Italian Baroque painter. He was born near
Parma, where he was a pupil of Agostino Carracci, and was also much
influenced by the domes by Correggio. He was in Rome in 1612, and about
1616 decorated the ceiling of the Casino Borghese in a manner derived
entirely from the Farnese Gallery. He developed Correggio’s sotto in sù
type of illusionism to an extravagant point, and painted several domes
and apses in Roman and Neapolitan churches in this manner. To him
Domenichino lost part of the commission for the decoration of S. Andrea
della Valle in Rome, a slight he resented so bitterly that – so the
story goes – he weakened part of the scaffolding, hoping that Lanfranco
would break his neck.

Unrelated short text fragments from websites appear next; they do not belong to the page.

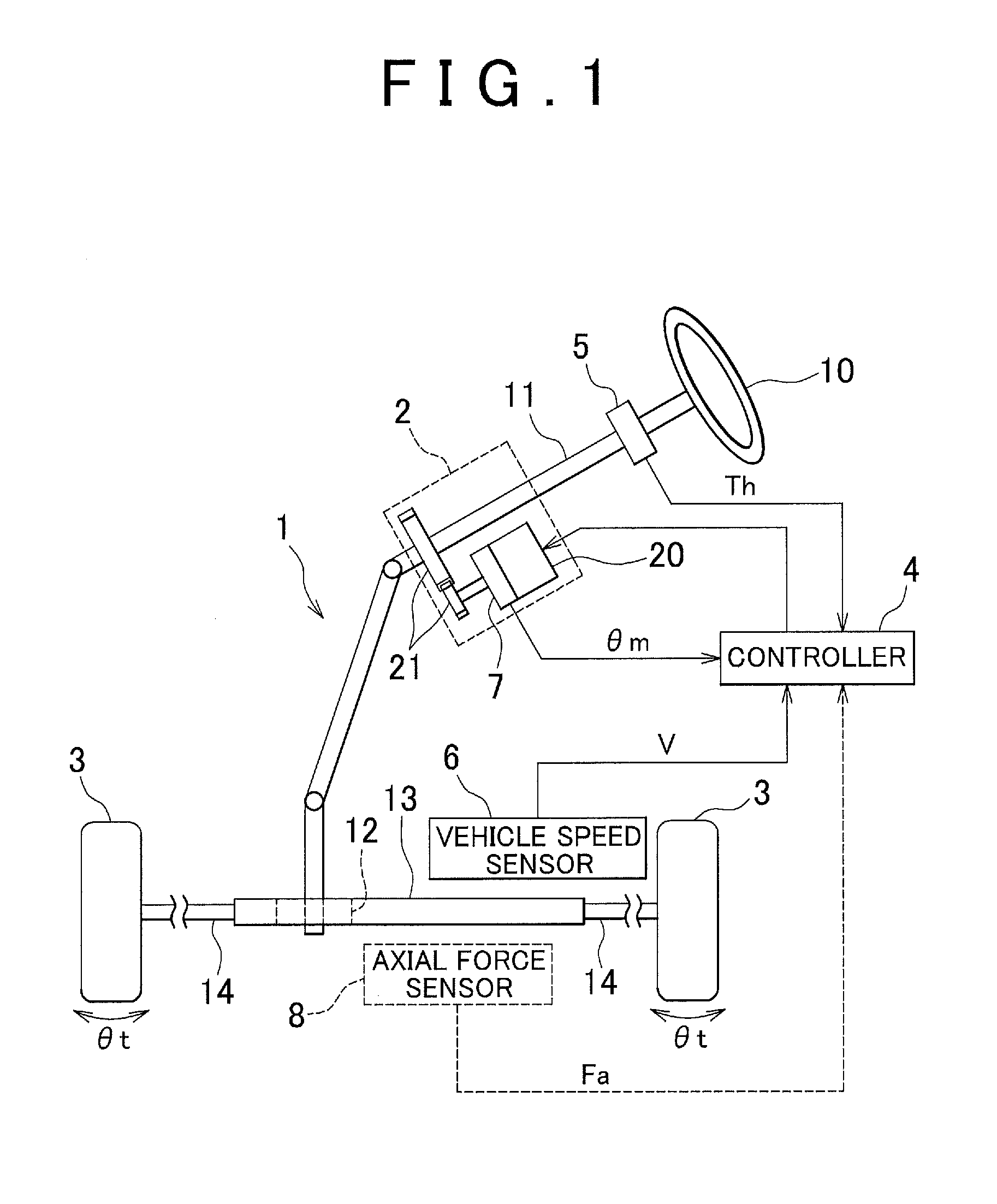 Electric power steering system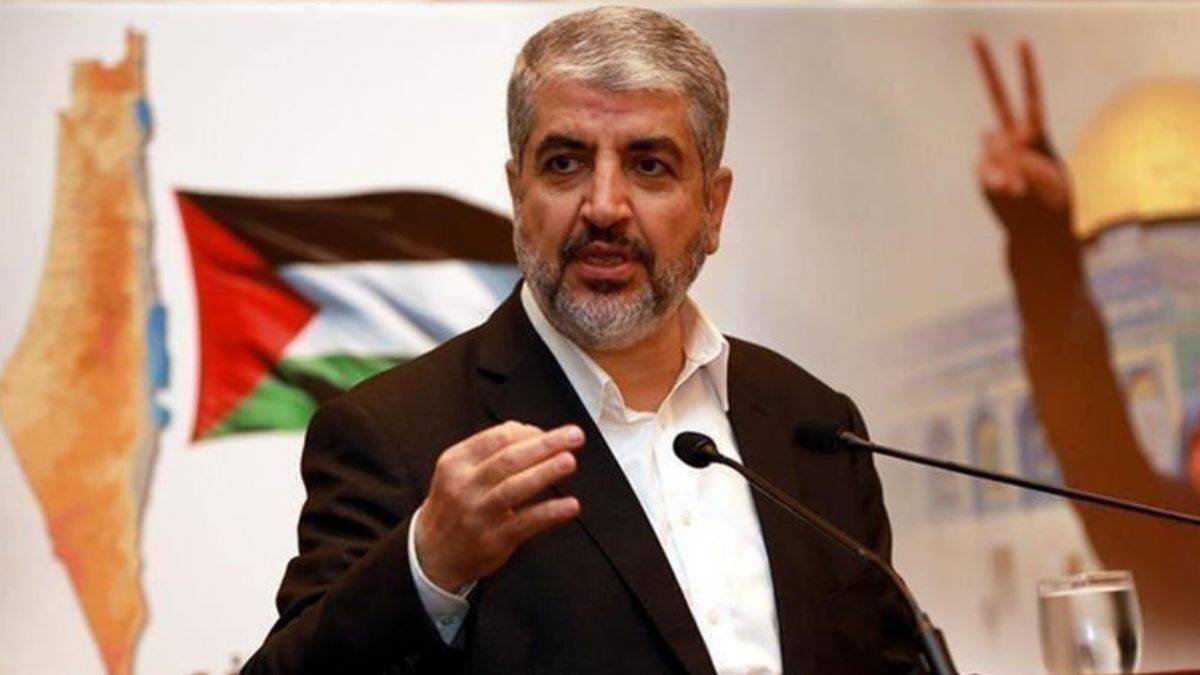 Halid Meşal, Kovid-19'a yakalandı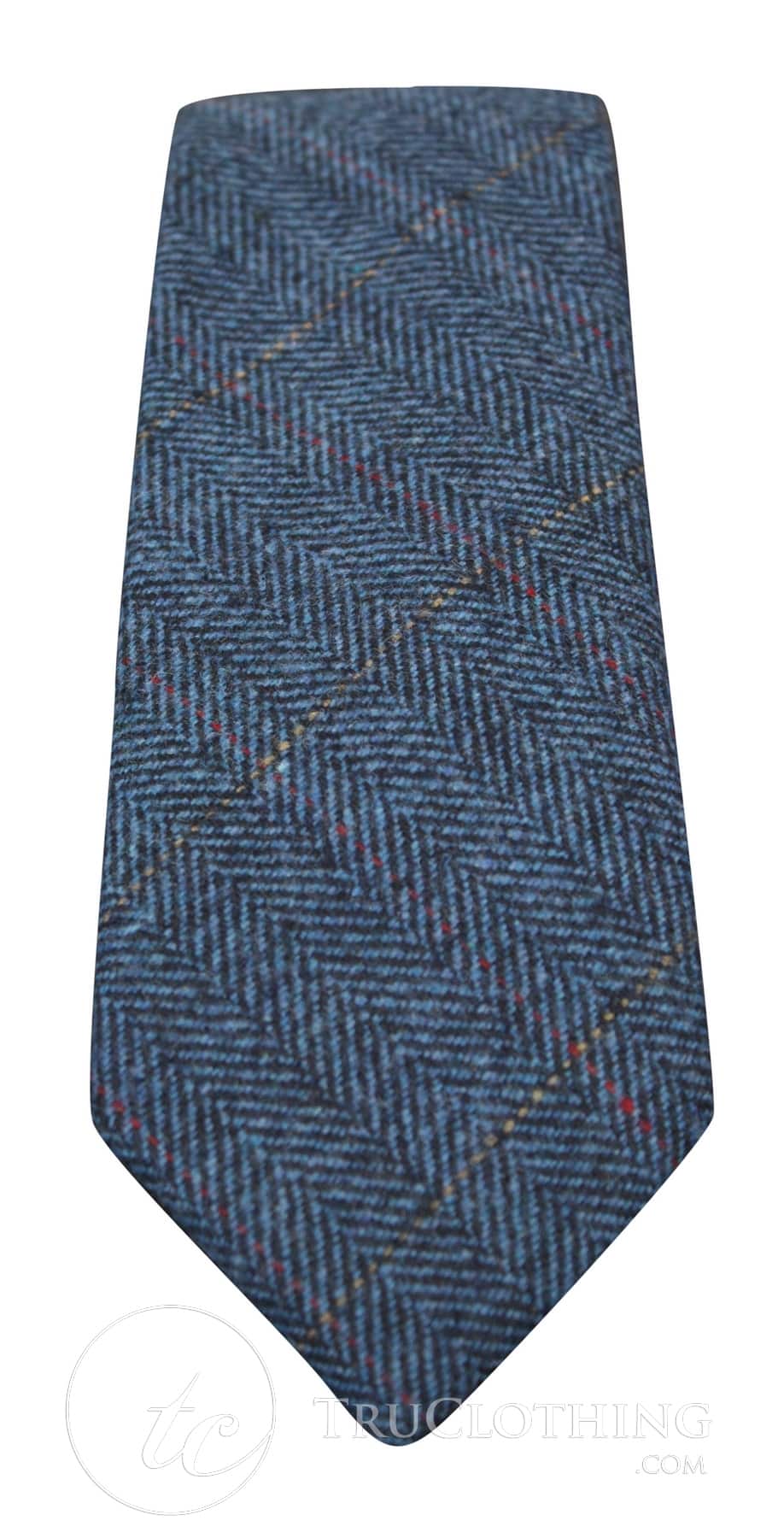 Herrslips i tweed med fiskbensmönster, texturerad Marc Darcy, klassisk vintage, retro, Deon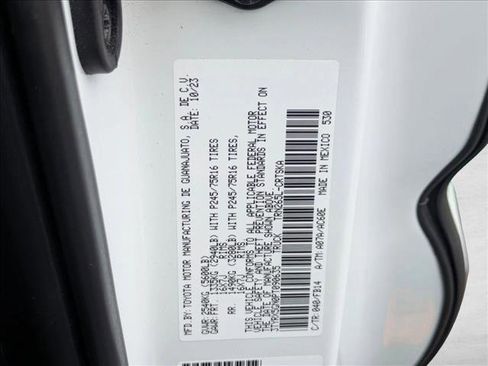 Used 2023 Toyota Tacoma SR w/ SR Convenience Package image 23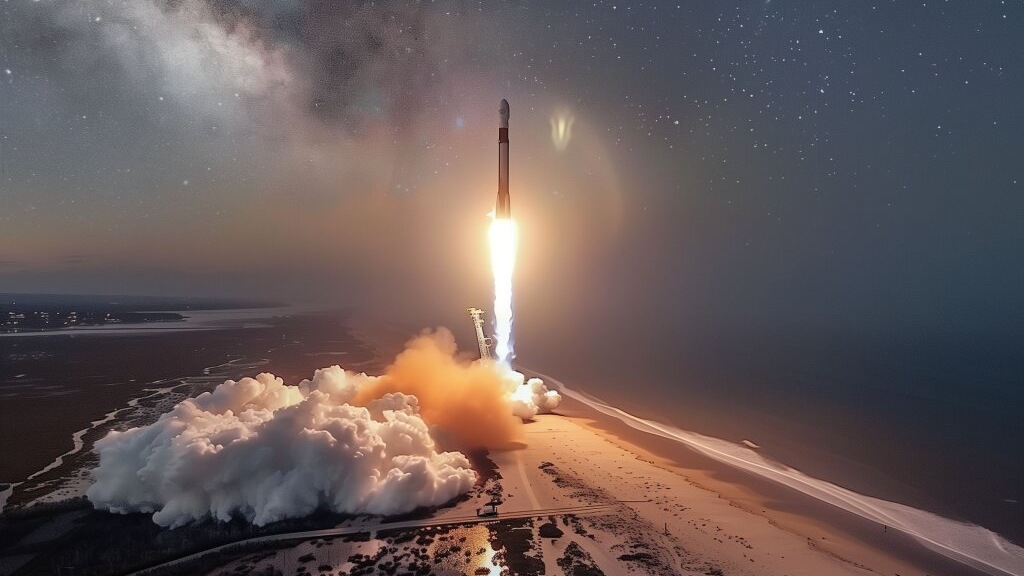 NASA $23.8 B Moon Rocket in Big Trouble, SpaceX’s new Starship Solution 100x BETTER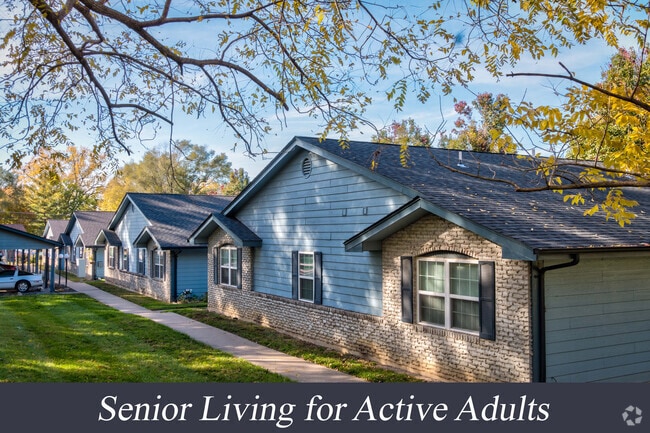 Building Photo - Wall Street Senior Living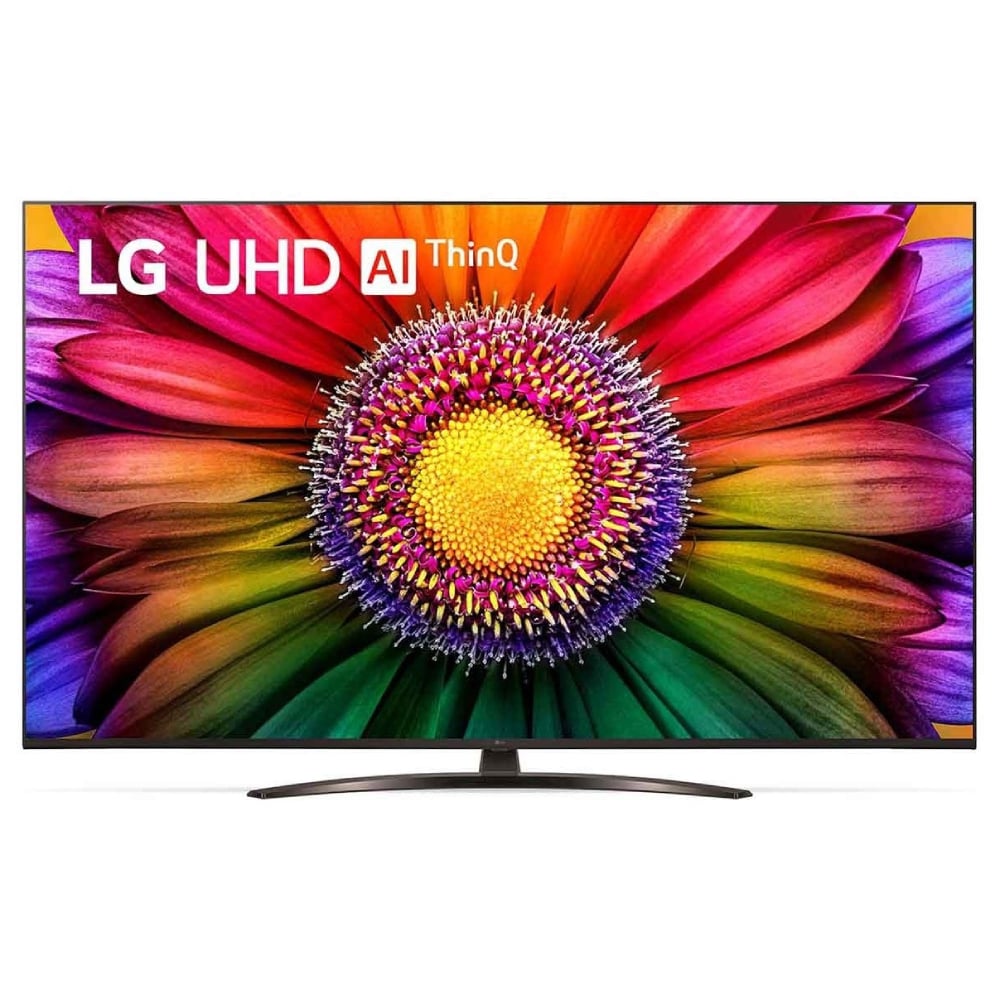 LG Televizor  50UR81003LJ/LED/50"/Ultra HD/smart/webOS ThinQ AI/crna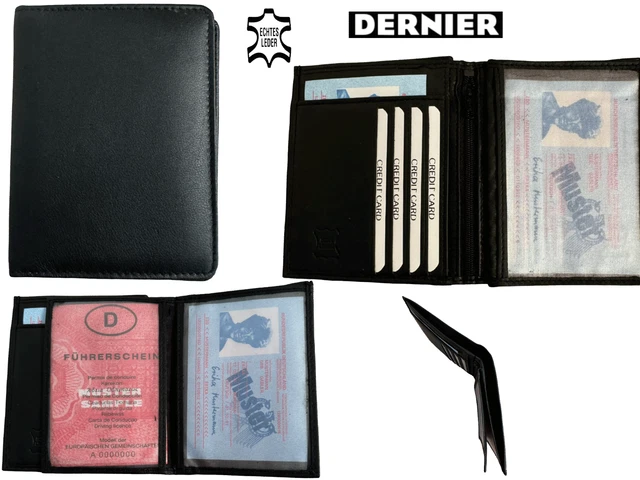 Astuccio Libretto Veicolo NUOVA Cartella Carta D'identità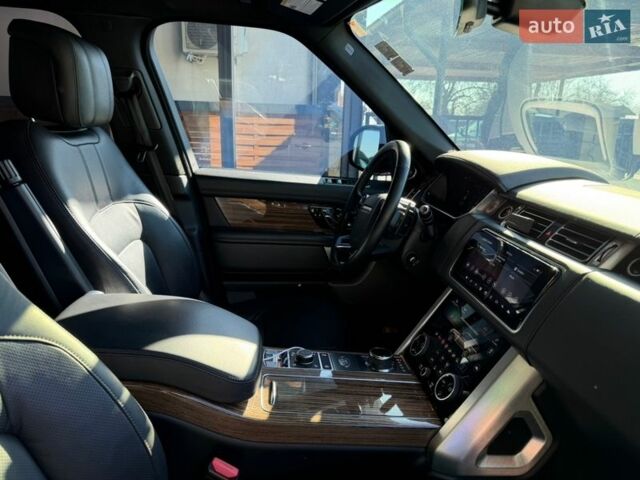 Ленд Ровер Рендж Ровер, объемом двигателя 3 л и пробегом 115 тыс. км за 53400 $, фото 4 на Automoto.ua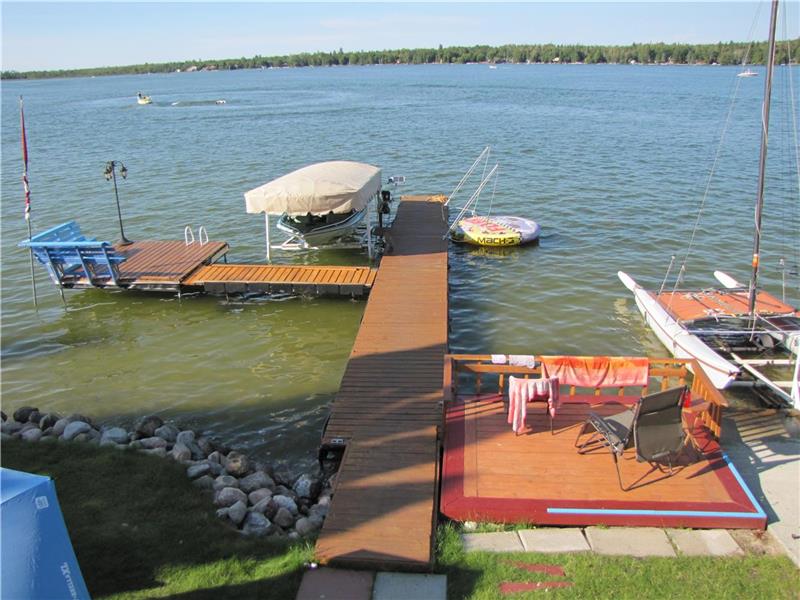 Gull Lake Manitoba Lake Front - Gull Lake Cottage Rental | PL-17786 ...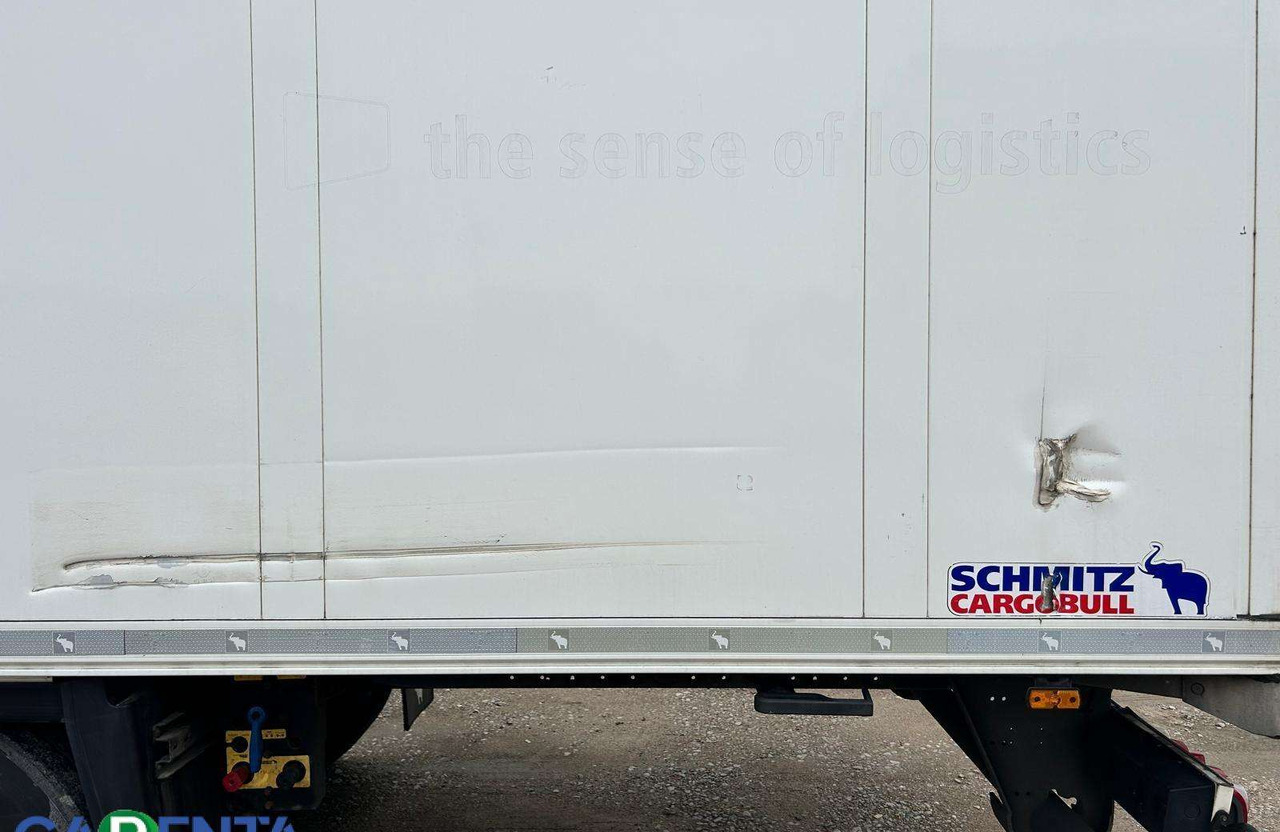 Refrigerator semi-trailer Schmitz SKO 24 FP60 7cm: picture 15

Lanfranco completed the dome with an Assumption,
Correggiesque in inspiration, between 1625-27, and such was its success
that he was then employed at St Peter’s until 1631.
From 1633/34 to 1646 he
was in Naples, and in 1641-43 painted the dome of the S. Gennaro chapel
in the Cathedral, which by its more up-to-date illusionism and greater
showiness appealed far more to local tastes than Domenichino’s works
there. His dome is based on Correggio’s type of illusionism and replaces
one actually begun by Domenichino. He died in Rome, where his last work
was the apse of S. Carlo ai Catinari. Apart from Rome and Naples, there
are works in Amsterdam Berlin, Dublin, Florence (Pitti), London (Coram
Foundation), Lyons, Madrid (Prado), Marseilles, Oxford (Ashmolean),
Paris (Louvre), Parma, St Petersburg, Versailles and Vienna.